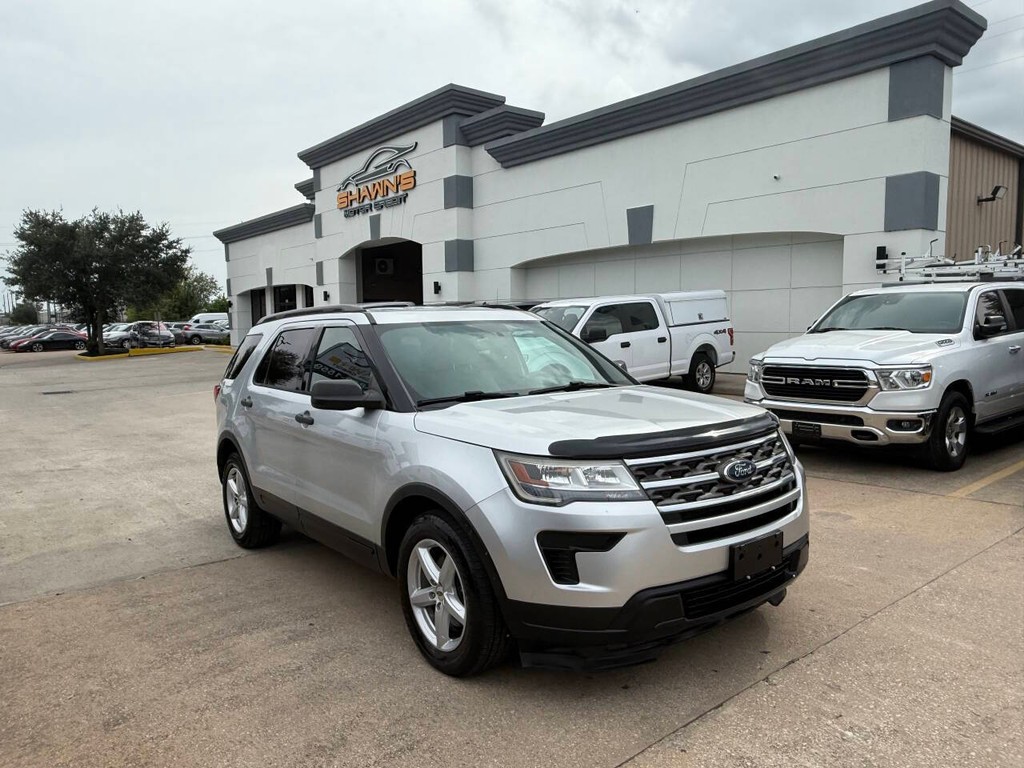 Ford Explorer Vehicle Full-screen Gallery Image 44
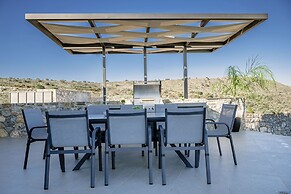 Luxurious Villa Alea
********
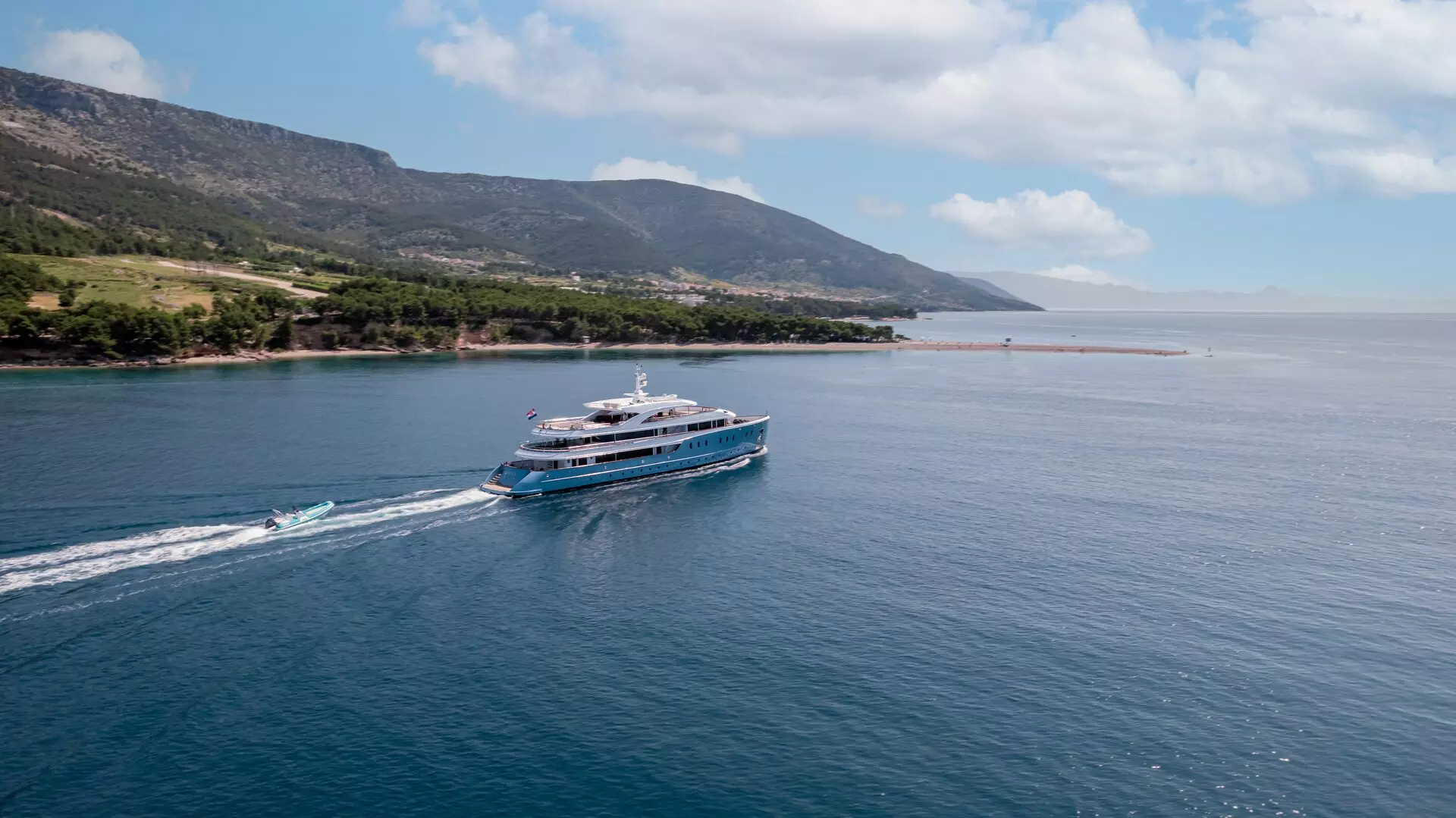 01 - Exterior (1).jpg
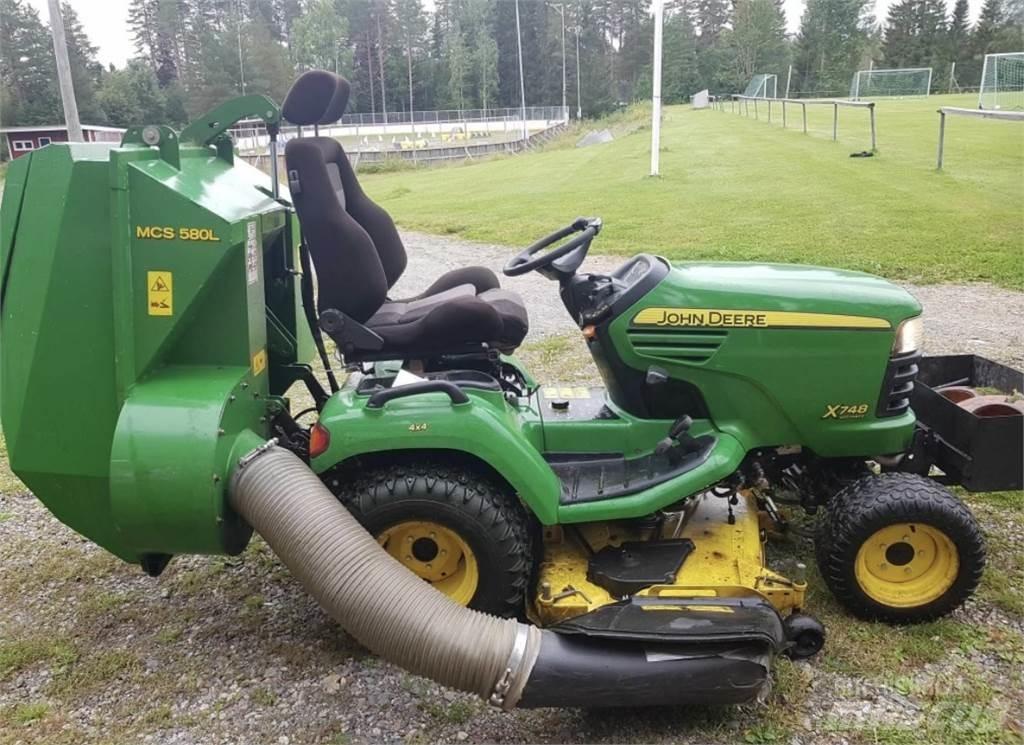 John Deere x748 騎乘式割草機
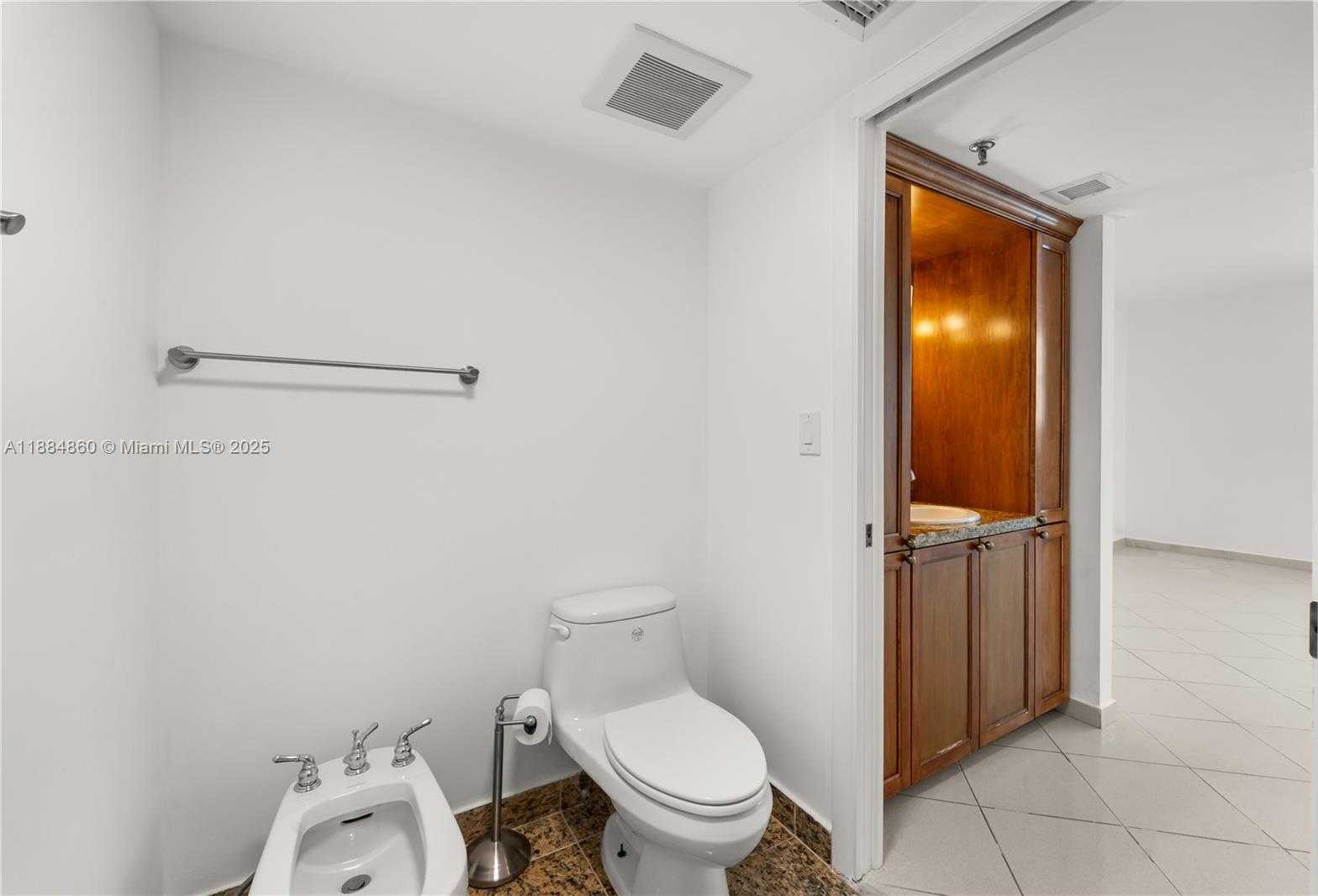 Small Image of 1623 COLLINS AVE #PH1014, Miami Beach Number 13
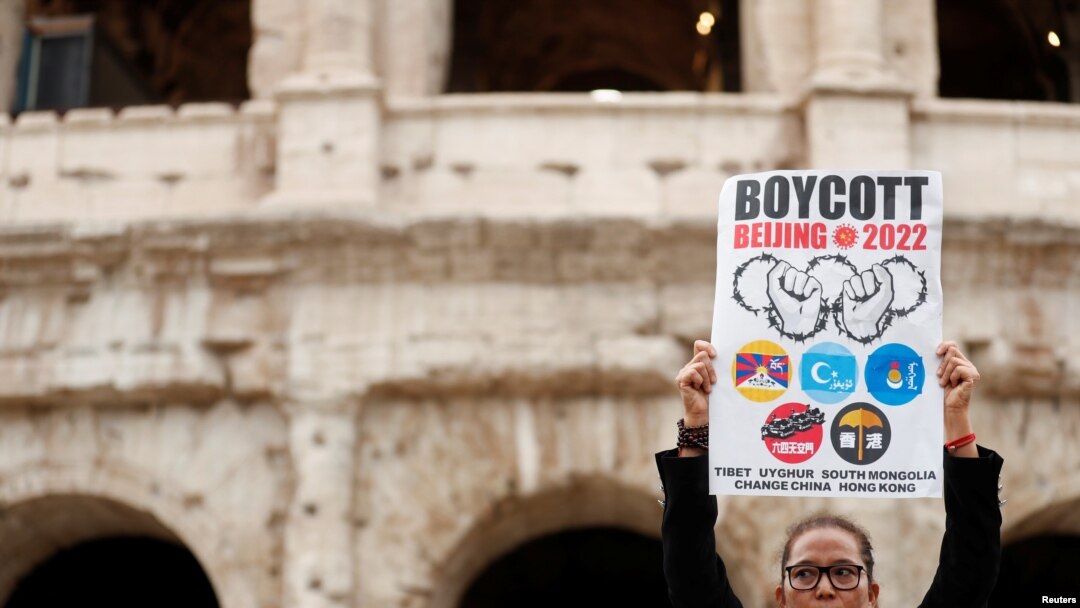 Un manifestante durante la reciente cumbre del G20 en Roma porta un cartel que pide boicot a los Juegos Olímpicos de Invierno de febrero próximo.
********
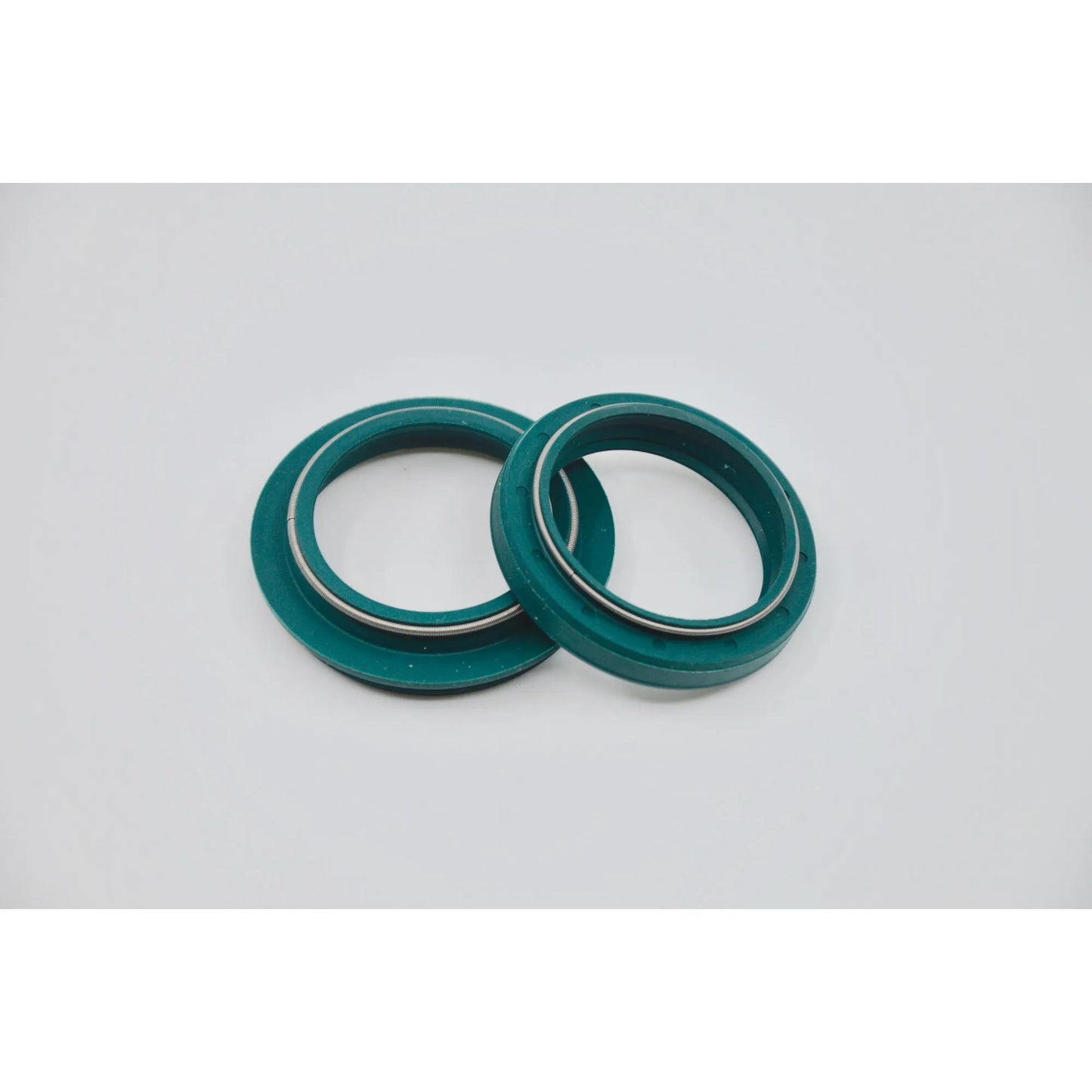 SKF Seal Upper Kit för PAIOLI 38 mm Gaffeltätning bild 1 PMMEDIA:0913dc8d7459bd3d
********
▶ TRY IT
Start with the line with "Ford Explorer Vehicle" in the listing above and stop after the line with "Luxurious Villa Alea". Write out exactly the lines in that stretch and no others, without pictures.

▶ YOUR RESPONSE
 Ford Explorer Vehicle Full-screen Gallery Image 44
 Luxurious Villa Alea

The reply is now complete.